Почему же я думаю о том, что это будет вечером, в покое вечера?
16.11.78.
Водку возят в грузовиках, штабеля ящиков покачиваются, горлышки торчат, жидкость колеблется, прохожие посматривают, привычно примечая, продукция или посуда. Как боеприпасы подвозят, думаю я. Как боеприпасы, которые должны быть доставлены вовремя. Как боеприпасы, которых вдоволь. Никаких перебоев.
Ууууууу – ревет машина ГАИ и вращает свою вертушку, как ненормальный, зыркающий глаз, и за ней – черные “Волги”, гладкие, сверкающие, отрешенные, летящие, – ах, не отвлекайте их, граждане-товарищи, от великих задач, от научно обоснованных маршрутов, – хорошо еще, что не рекомендуют снимать ваши шапки, замирая в почтении, хорошо еще, что не кричат: “пади, пади”, а то ведь и попадали бы на колени, отчего же не попадать, если все наше с ними – ум, честь, совесть, все права и свободы, все бремя забот, вся тягость исторических трудов, – а мы – налегке и в беззаботном счастье, дарованном, щедром, безоблачном, и дух наш захватывает от благодарности благодетелям, этим великим душам нашей бессмертной эпохи. Но кто расскажет людям будущего о выражении наших лиц, наших глаз и наших губ?

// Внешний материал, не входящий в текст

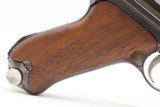 WORLD WAR I/II Era Semi-Auto 9mm P.08 GERMAN LUGER C&R w/Commercial ProofsPost-1914 Mfr. WWI WWII German Military Sidearm - 5 of 17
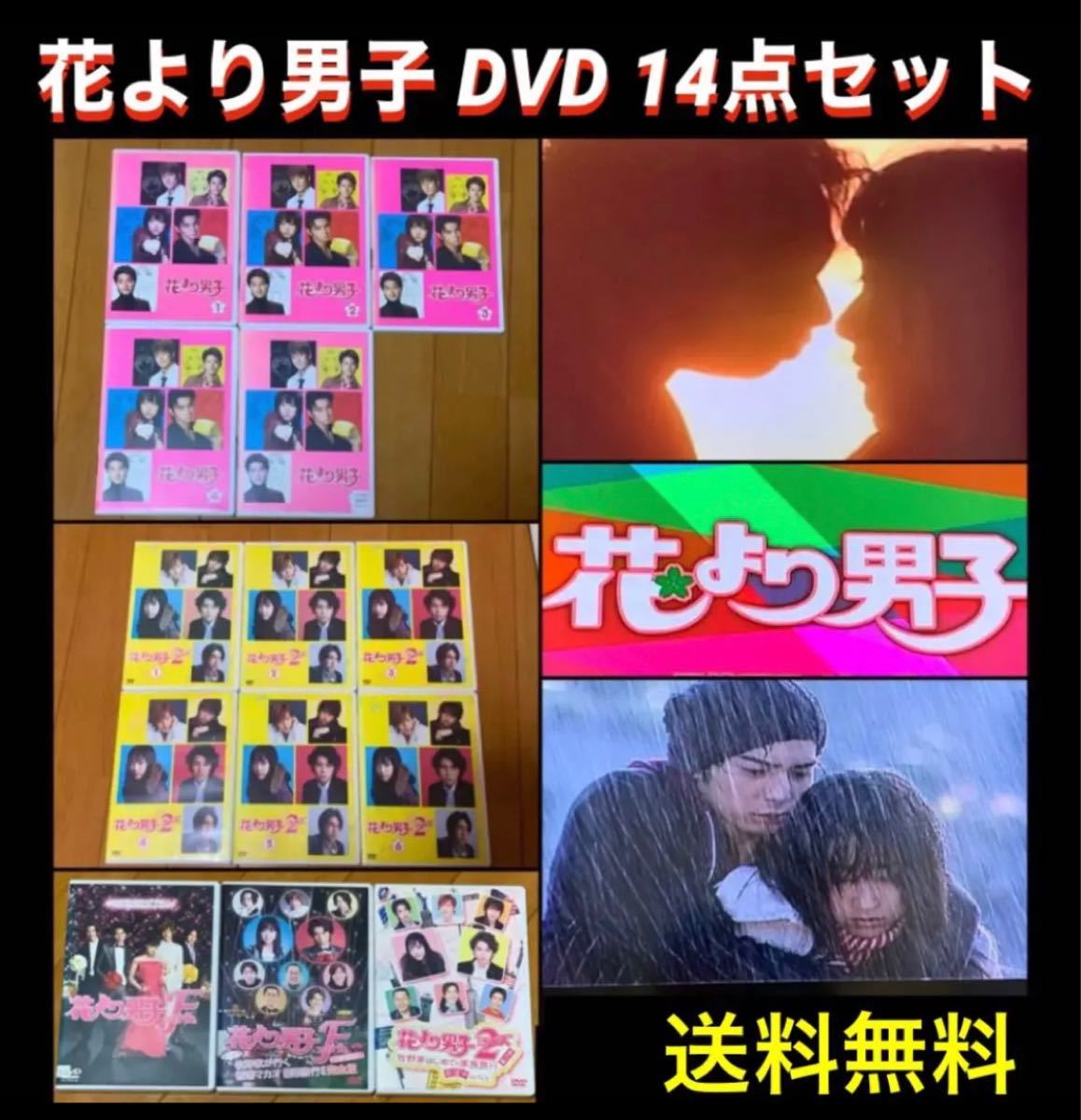 花より男子 DVD TVシリーズ & 劇場版 全14点セット｜Yahoo!フリマ（旧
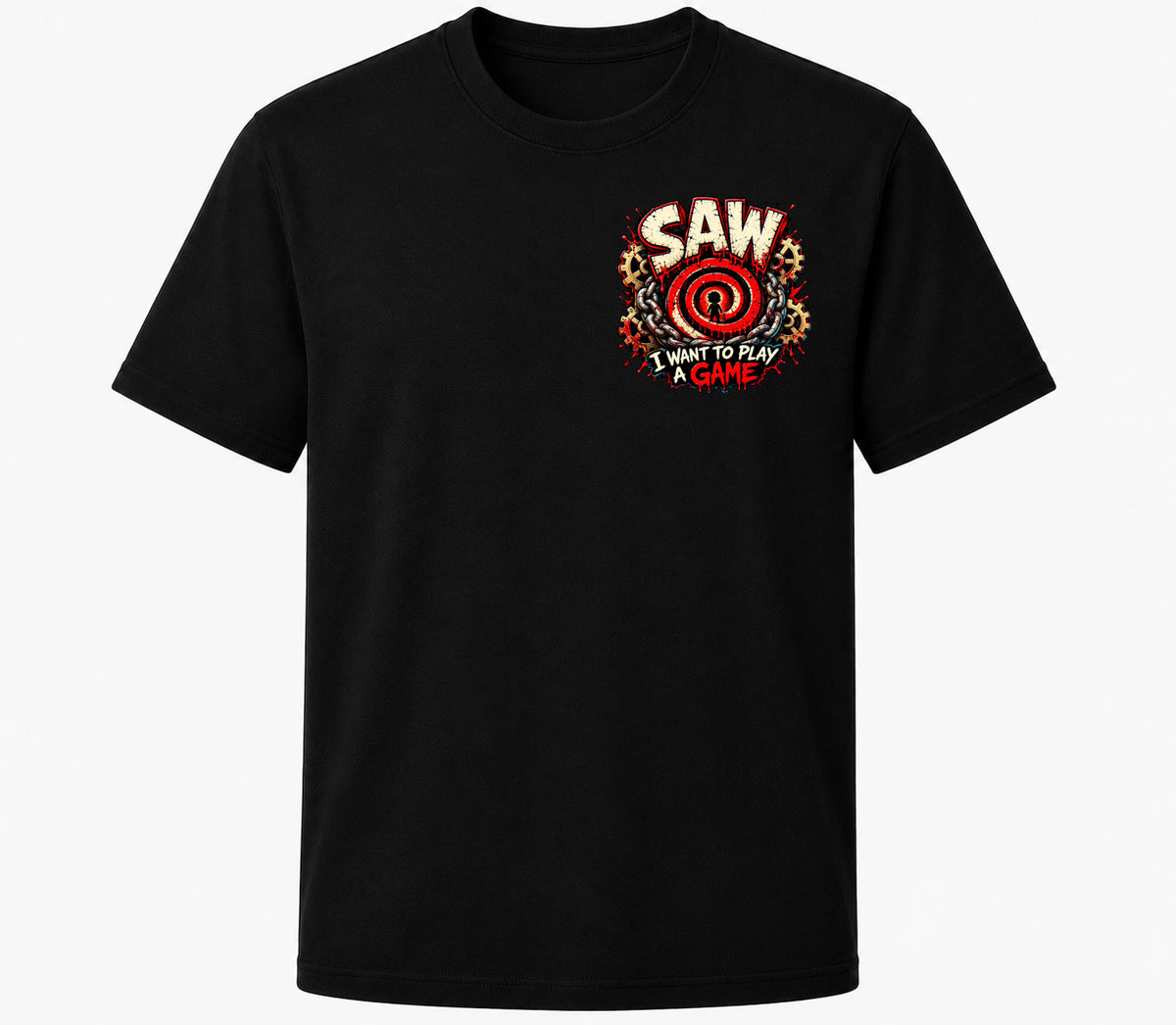Saw | Movie Legend T-Shirt | Original Caricature Art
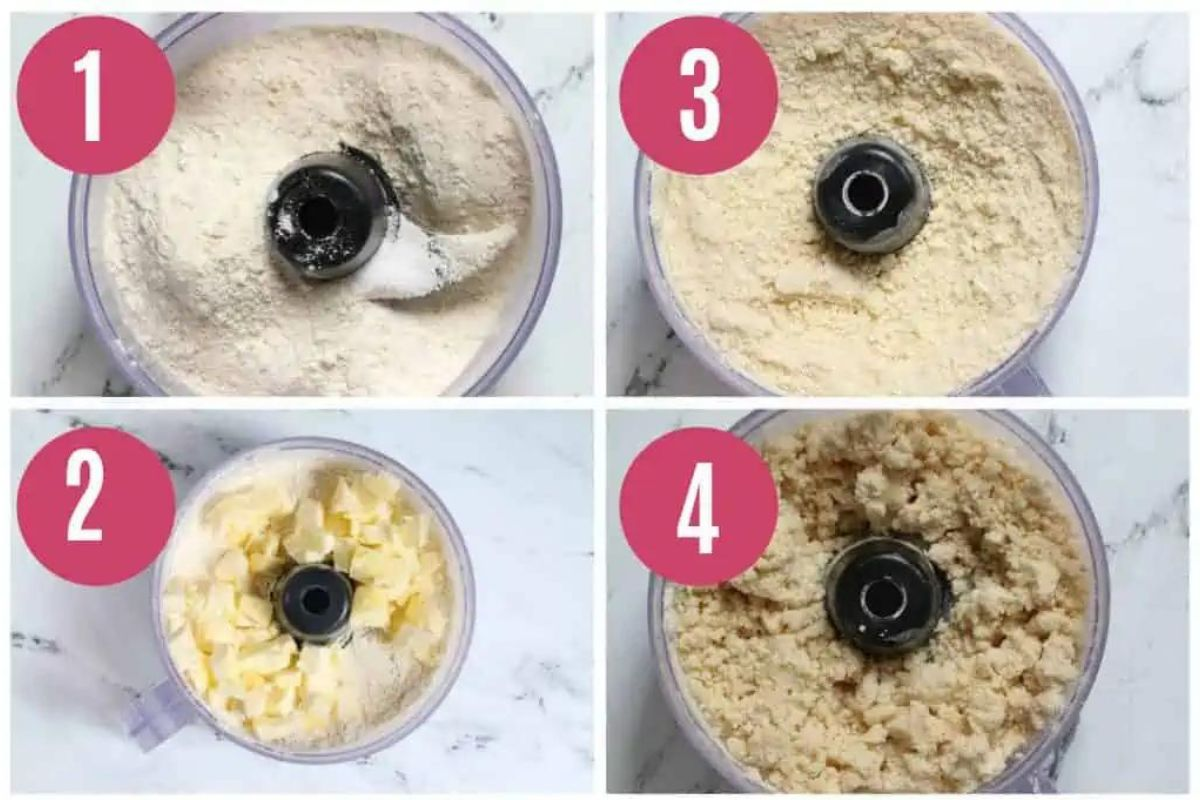 You can use a food processor to make pie crust.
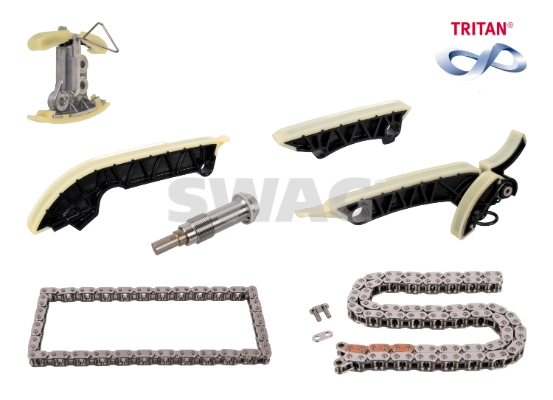 Cadeia do mecanismo de distribuição de gás para Mercedes ML/GLE W167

О гримасе благодарности и счастья?
19.11.78.
На днях шел по Никитской улице; здесь больше военных машин и вообще военного; наверное, поэтому я сразу подумал, что это – военная машина, и потом жалел, что не взглянул на номер (у военных номер из двух букв). Правда, рядом с шофером в кабине сидел человек в штатском, и, возможно, я ошибся и те два грузовика, что шли следом, с солдатами за рулем, к тому, первому, с портретом Сталина на переднем стекле, не имели никакого отношения. А портрет Сталина был достаточно крупный, не открыточка какая-нибудь, а сантиметров тридцать – сорок по высоте, и достаточно отчетливый, чтобы невозможно было ошибиться насчет, что там промелькнула за личность. Надо же, как я вздрогнул от этого портрета, и сразу почему-то представилось мне, что и следом – колонной – движутся другие грузовики с такими же портретами справа за стеклом, и на какой-то мелькнувший миг стало мне страшно, и повеяло на меня каким-то мгновенно воображенным путчем, новым торжеством какой-то воистину темной силы, нерассуждающей, не желающей ничего знать и помнить и карающей, раздавливающей всякое знание и всякую память. И потом, успокаиваясь, я уже думал о том, что надо бы написать тому шоферу – заметить бы номер да загородили спешащие следом грузовики, – написать письмецо и спросить об одном: да знаете ли вы, чей портрет выставляете с укором и с некоторой даже смелостью, знаете ли, какая кровь, несмываемая, неслыханная, на том человеке? И потом укорял себя: ну и какой вышел бы из всего этого толк, какой смысл? Не пошел бы я к нему объясняться! А сейчас, когда записываю, подумал: а ведь в том гараже шофера сто раз видели этот портрет и, наверное, обсуждали эту любовь к Сталину, что-то на этот счет думают, – вот что послушать бы. Власть и органы печати давно уже не говорят о Сталине дурно, все сказано якобы, и этого достаточно. Вот и может подняться волна реставрации, темная и мутная, коричневого цвета, и все потому, что преступник не осужден и преступное не названо преступным, т. е. публично не доказана преступность этого человека и его подручных. И пока это не сделано, опасность будет существовать и нависать над миллионами жизней, над всей страной.
23.11.78.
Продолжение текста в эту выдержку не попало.